Foot by foot he worked forward, and, stopping for some moments, tried to get up by the shrouds. He slipped back with only three fingers on the rail, and the risk he had run of letting go altogether unnerved him. He waited until he recovered, and then dragged himself forward, moving one hand over the other a few inches at a time. This was more difficult now, because as the boat’s sheerline rose sharply at the bows he was higher out of the water and there was a greater weight on his arms; but at last he clutched the bowsprit and hung on by it, splashing feebly as he felt for the wire stay with his feet. Now that he was almost in safety, terror seized him. He found the wire, slid his foot along it, and lifting himself to the bowsprit fell forward, limp and inert, on deck.
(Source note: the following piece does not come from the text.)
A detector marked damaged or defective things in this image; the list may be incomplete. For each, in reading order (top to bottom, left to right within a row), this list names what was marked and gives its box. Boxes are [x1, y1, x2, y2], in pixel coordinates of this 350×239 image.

He lay there for a minute, and then with an effort roused himself, realizing that if he remained much longer he would perish of exhaustion and cold.

Staggering aft, he entered the cabin, and pulled off his clothes. There was no liquor on board, but he found some garments which were not very damp, and after trying to rub himself he put them on and munched a ship’s biscuit while he did so. Feeling somewhat better after this, he went up on deck, for he must get in the cable and hoist some canvas, in order to gain control of the boat, which was fast driving out to sea. When he seized the chain he realized how greatly the swim had exhausted him. It was a heavy cable, but he had often hauled a long scope of it in when the anchor was holding and he had the boat’s resistance to overcome. Now, however, he was beaten when he had laboriously pulled up a fathom or two. Trying again, he raised a few feet, and then had hard work to secure the chain round the bits.

He sat down to rest a minute, and looked about for the dory. He made her out indistinctly, but she seemed a long distance off, and as the breeze was freshening he did not know whether she could overtake the sloop. By setting some canvas he could pick her up, and the foresail would not be hard to hoist; but the Cetacea would not sail to windward with the heavy cable hanging from her bows. Jimmy remembered that there was a good length of it below; indeed, there might be scope enough to allow him to drop several fathoms on the bottom. The weight of this would act as a drag, and might, perhaps, bring her up. It depended on the depth of water.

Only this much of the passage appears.